So all people sin constantly and cannot stop?
Below you will find three quotes which are commonly used (out of context) to support the Gnostic idea that we constantly sin in thoughts, words and deeds because of our fallen nature.
1) 1 Kings 8:46 (and the parallel 2 Chr. 6:36)
1 Kings 8:46 If they sin against thee, (for there is no man that sinneth not,) and thou be angry with them, and deliver them to the enemy, so that they carry them away captives unto the land of the enemy, far or near;
+ the parallel:
2 Chr. 6:36 If they sin against thee, (for there is no man which sinneth not,) and thou be angry with them, and deliver them over before their enemies, and they carry them away captives unto a land far off or near;
The above quote is from an earnest prayer by Solomon to God. Solomon was initially a very wise and righteous man, but he later fell away when he married multiple foreign women (700 wives in total, plus 300 concubines) who lured him away from the only true God. In this particular prayer his expressions show that he absolutely believes that people can and should be obedient to God in everything. In this particular prayer he sincerely hopes that God will see the works of repentance from his people Israel, as well as their earnest prayers. We can see that Solomon expects people to repent and be successful in their aim to always be faithful to God’s laws.
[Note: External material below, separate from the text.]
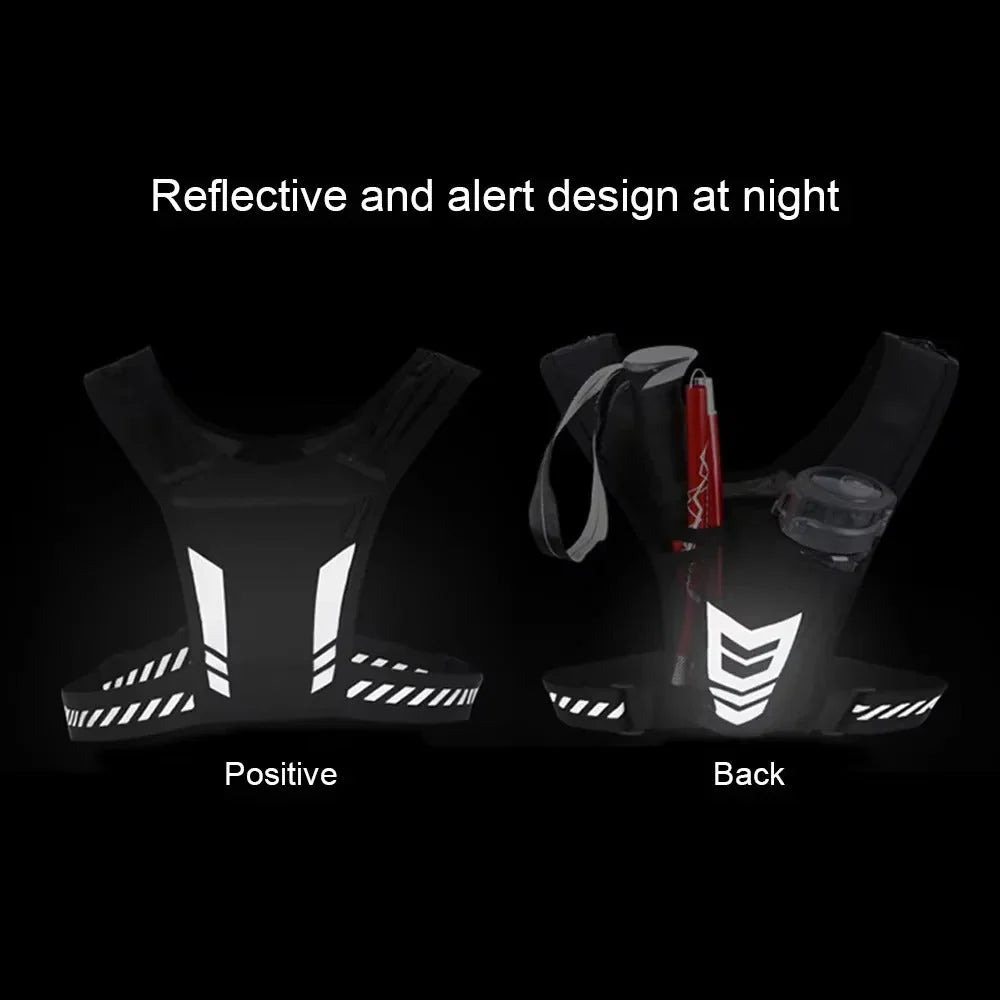 Running Phone Holder Vest Breathable & Reflective Multi-Pocket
Solomon’s expression “there is no man that sinneth not” seems to be a general expression and principle about man on earth, and this is sadly a valid description also today. We know for certain that Solomon did not try to express an inability of man to be faithful to God, because among other things he states “LET YOUR HEART THEREFORE BE PERFECT WITH THE LORD OUR GOD, TO WALK IN HIS STATUTES, AND TO KEEP HIS COMMANDMENTS, as at this day”. He does not propose that such an attempt would always lead to failure. If you repent and “return on to God with all your heart and all with all your soul”, does this not indicate that you also avoid sin?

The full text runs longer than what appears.